The Maldives, a small island nation of four hundred thousand people off the coast of India, was another attractive target because it controls a maritime territory of high strategic importance, one more than three times larger than the United Kingdom. When China approached the country and struck a deal with President Abdulla Yameen (who, along with other officials, greatly profited from the inflated value of contracts), the Maldives incurred a combination of debt and guaranteed loans of more than $1.5 billion, more than 30 percent of their GDP. (Unreported guarantees could make the total loans as high as $3 billion.) In 2018, Chinese efforts to influence the presidential election in the Maldives failed due to a backlash against corruption, indebtedness, and the associated loss of sovereignty.25
Malaysia, the second-largest recipient of OBOR funding after Pakistan, was another important target for the CCP due to the country’s strategic location at the heart of Asia, with 4,500 kilometers of coastline and a shamelessly corrupt government.

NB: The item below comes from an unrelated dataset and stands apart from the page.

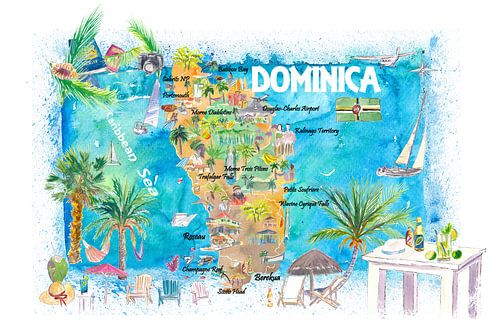 Dominica Antilles Illustrated Travel Map with Roads and Highlights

After Prime Minister Najib Razak and his co-conspirators embezzled $4.5 billion from the country’s sovereign wealth fund—$681 million went into Najib’s personal bank account—China arrived to bail him out. China also financed a Malaysian rail project for $16 billion, over twice the actual cost, a scheme that Chairman Xi personally approved. Five months later, Najib flew to Beijing to sign the deal. Beginning in mid-2017, the much-needed cash flow from Chinese state-owned banks was initiated, helping the president of the third-wealthiest nation in Southeast Asia cover for his embezzled funds.26
In Kenya, the railway project to connect the port city of Mombasa with Nairobi significantly underdelivered in revenue and increased public debt to unsustainable levels. Kenyan economist David Ndii described the railway in harsh terms as heralding “a new age of Oriental colonialism.” Seeing Kenyan government officials “groveling” to the Chinese and making excuses for excesses, such as the maltreatment of Kenyan workers, Ndii was reminded of “the chiefs who sold their people into slavery … and signed away their lands to European imperialists for blankets and booze.”27
The new vanguard of the CCP is a delegation of bankers and party officials armed with duffel bags full of cash. Corruption enables a new form of colonial-like control that extends far beyond the strategic shipping routes in the Indian Ocean and South China Sea. In Ecuador, China financed a great dam in the jungle at the base of an active volcano. The $19 billion agreement allowed China to receive 80 percent of Ecuador’s oil exports at a discount; China sells the oil at a markup for profit. Two years after the dam opened in 2016, thousands of cracks appeared in its machinery, and the reservoir was clogged with silt and trees. The first time the turbines were activated, the power surge shorted out the national electrical grid.28
In Venezuela, China profited from the corrupt authoritarian regime of Nicolás Maduro even as the dictator destroyed the country’s economy. China kept the dictator’s regime on life support with a $5 billion credit line in 2018, and in return secured oil at a discount and resold it at a markup, profiting as the Venezuelan people became destitute.29 The CCP also supports other dictatorships with new technical means of co-option and coercion, such as surveillance technologies, facial recognition, and restricted internet.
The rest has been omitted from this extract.